» **SOURCE DATA**
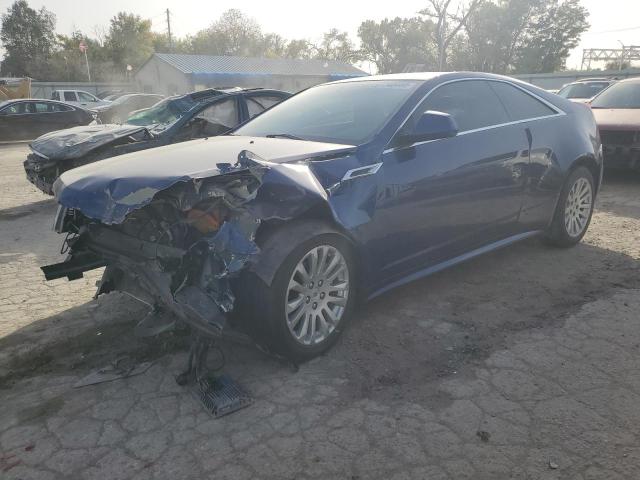 صورة رقم 1 من المزاد - 2013 CADILLAC CTS مع VIN 1G6DA1E34D0111456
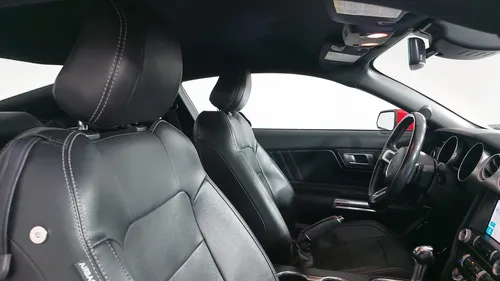 Ford Mustang 5.0 V8 GT AUTO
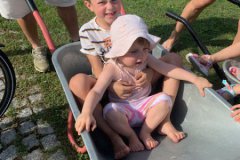 Kinderturnen 14.07.24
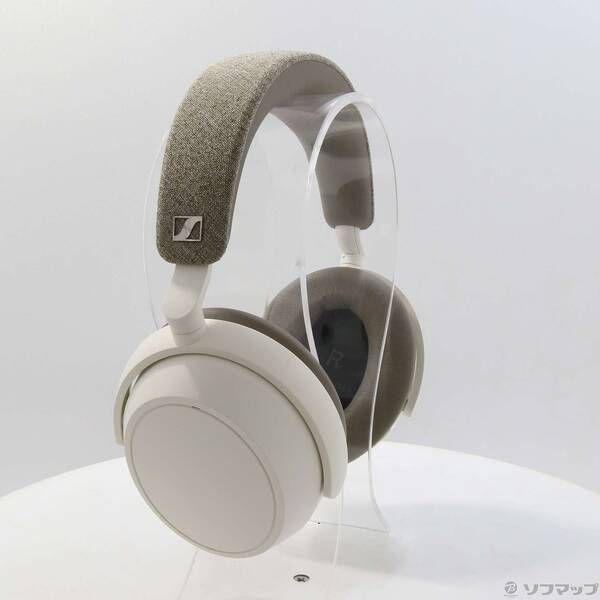 中古品〕 MOMENTUM 4 Wireless ホワイト【269】 - メルカリ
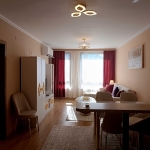 Двустаен апартамент в Банско - 70 кв.м за 972 €/кв.м - Снимка #1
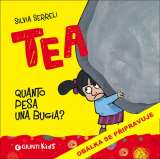 Noxi TEA - Kolik váží lež?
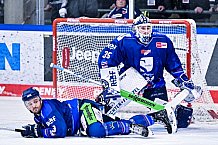 Eishockey, Herren, DEL, Saison 2022-2023, Hauptrunde, Straubing Tigers - Fischtown Penguins Bremerhaven, 25. Spieltag, 30.11.2022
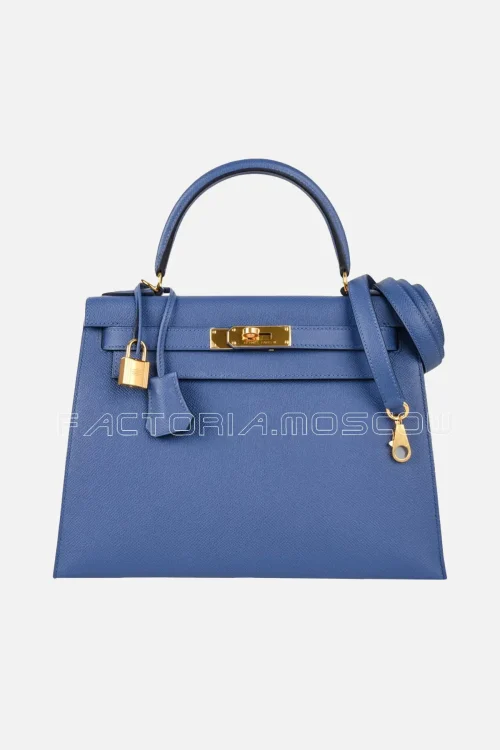 Hermes Kelly Sellier 28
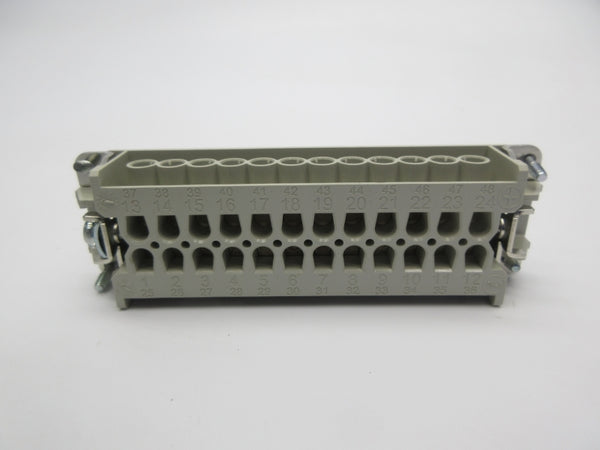 EPIC 10197100 H-BE24BS 600V 16A NSNP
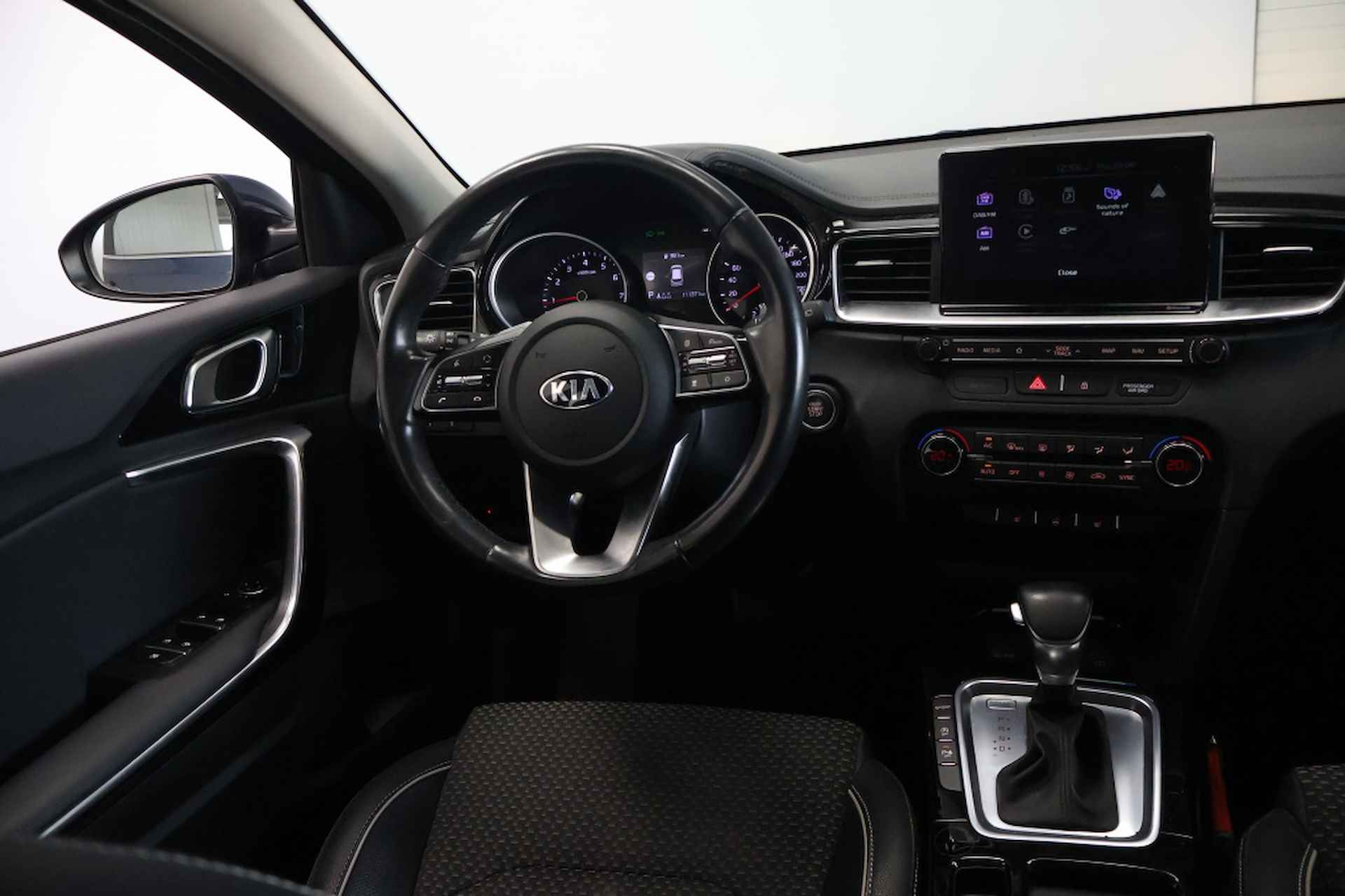 Kia Ceed Sportswagon 1.4 T-GDi Dynamic Plus | Carplay | Camera - 21/25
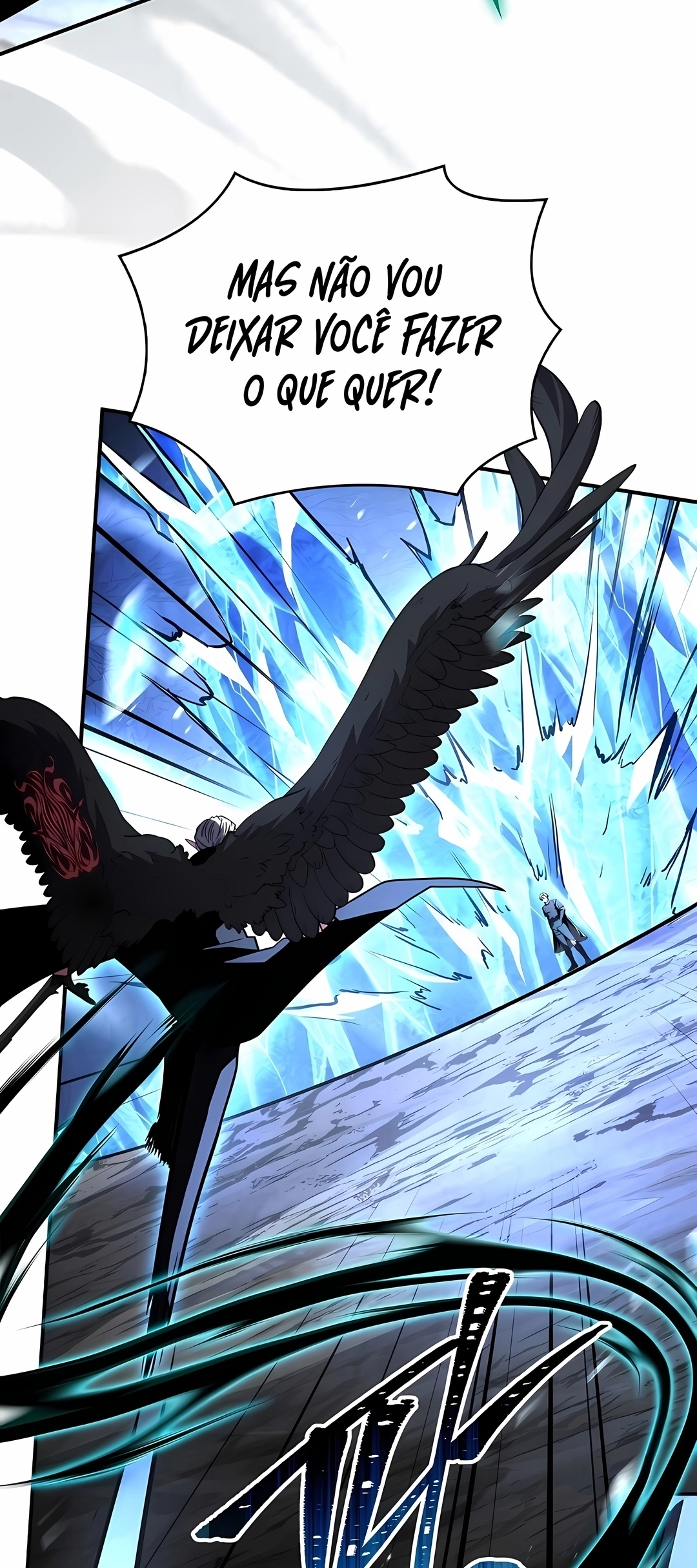 Read Talent Eating Magician PT Manga Online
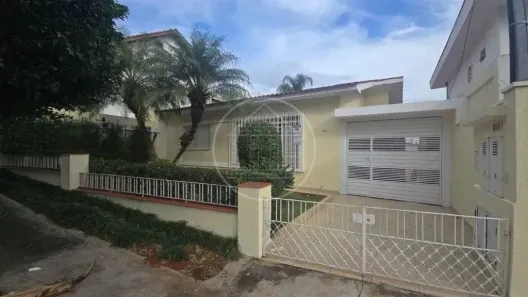 Casa com 3 Quartos à venda, 181m² no Jardim Londrina, São Paulo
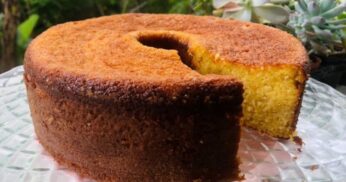 Bolo de Milho de Lata: Receita Fácil e Irresistível para Todos os Paladares!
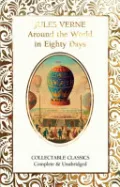 Around the World in 80 Days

» **YOUR ASSIGNMENT**
Begin at the first line of the records. Print every line through the one containing "Kia Ceed Sportswagon" exactly, but skip the pictures.

» **RESPONSE**
 صورة رقم 1 من المزاد - 2013 CADILLAC CTS مع VIN 1G6DA1E34D0111456
 Ford Mustang 5.0 V8 GT AUTO
 Kinderturnen 14.07.24
 中古品〕 MOMENTUM 4 Wireless ホワイト【269】 - メルカリ
 Двустаен апартамент в Банско - 70 кв.м за 972 €/кв.м - Снимка #1
 Noxi TEA - Kolik váží lež?
 Eishockey, Herren, DEL, Saison 2022-2023, Hauptrunde, Straubing Tigers - Fischtown Penguins Bremerhaven, 25. Spieltag, 30.11.2022
 Hermes Kelly Sellier 28
 EPIC 10197100 H-BE24BS 600V 16A NSNP
 Kia Ceed Sportswagon 1.4 T-GDi Dynamic Plus | Carplay | Camera - 21/25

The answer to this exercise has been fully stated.